Management of metastatic disease from neuroendocrine cancers
What is the carcinoid syndrome and carcinoid heart disease?
The term carcinoid syndrome refers to a constellation of symptoms mediated by various humoral factors, namely serotonin and the tachykinins, elaborated by carcinoid tumors. In the presence of localized disease, carcinoid neoplasms produce 5-hydroxytryptamine, which is taken up and stored in the platelets while the excesses are inactivated from the liver and lung and transformed into 5-hydroxyindoleacetic acid (5-HIAA). In the presence of liver metastases, however, patients may develop the malignant carcinoid syndrome, which results when vasoactive substances produced by the carcinoid tumor escape hepatic degradation and gain access into the systemic circulation. It is also due to the high level of 5-HT degradation by the liver that it is relatively uncommon for disease localized to the gut to display symptoms of serotonin secretion. Clinical findings of the carcinoid syndrome include skin flushing, excessive diarrhea, right-sided heart disease, and bronchoconstriction.

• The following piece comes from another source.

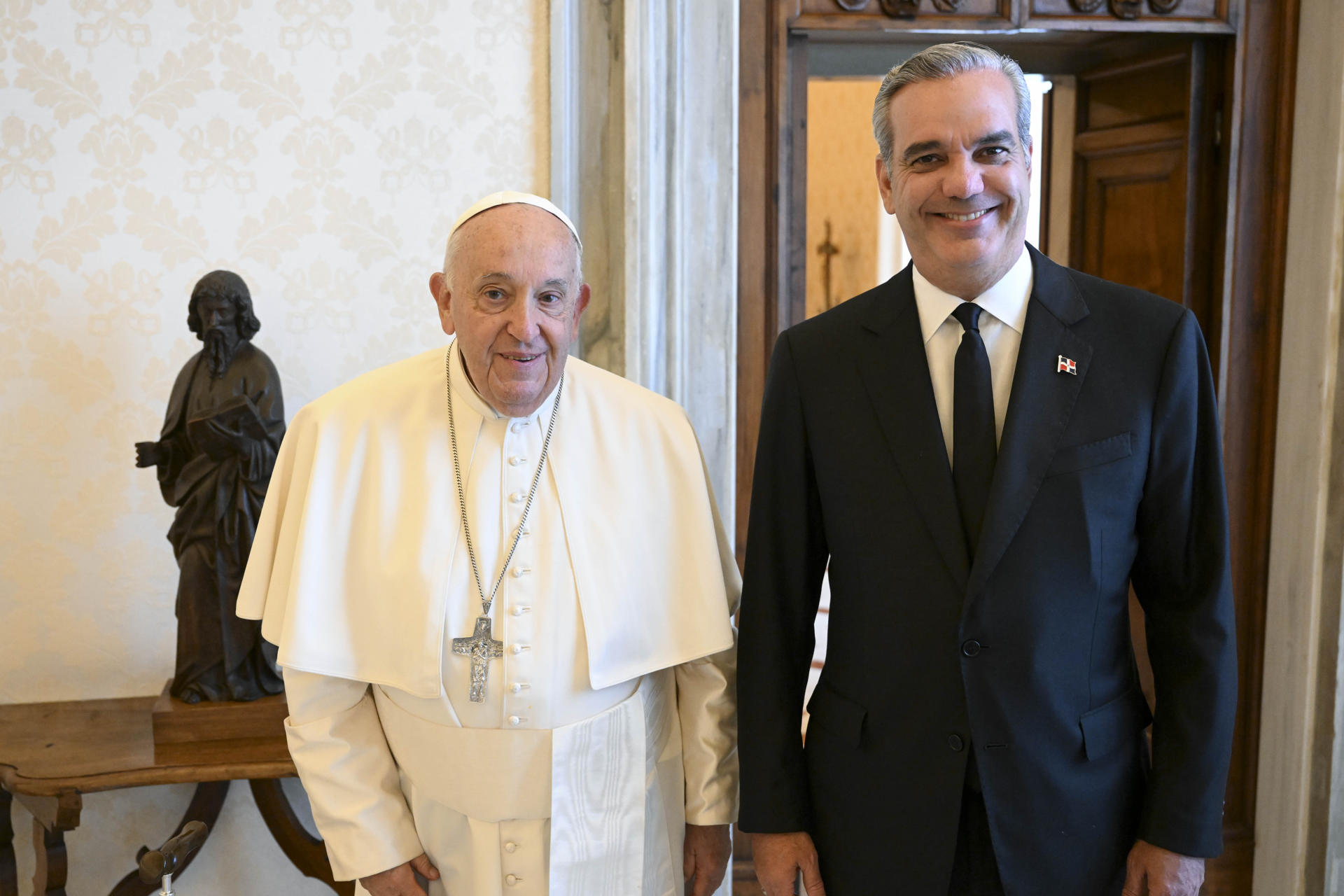 Abinader se reunió 30 minutos con el papa Francisco y le regaló un rosario de larimar dominicano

Nearly 40% of patients exhibiting the carcinoid syndrome will develop carcinoid heart disease (CHD) with fibrotic endocardial plaques and associated heart valve dysfunction that classically involves the tricuspid valve. Advanced changes of tricuspid valvular disease has been shown to be associated with poor long-term survival, and carcinoid valvular disease, rather than tumor dissemination, is the cause of death in approximately one-third of these patients. Serotonin is presumed to be the catalyst for the cardiac fibrotic process. Nearly 95% of patients with present with right-sided heart valve disease, characterized by tricuspid insufficiency and pulmonary stenosis and the subsequent development of pulmonary hypertension. Left-sided cardiac disease may be seen in up to 10% of patients, as is commonly associated with angina and coronary vasospasm.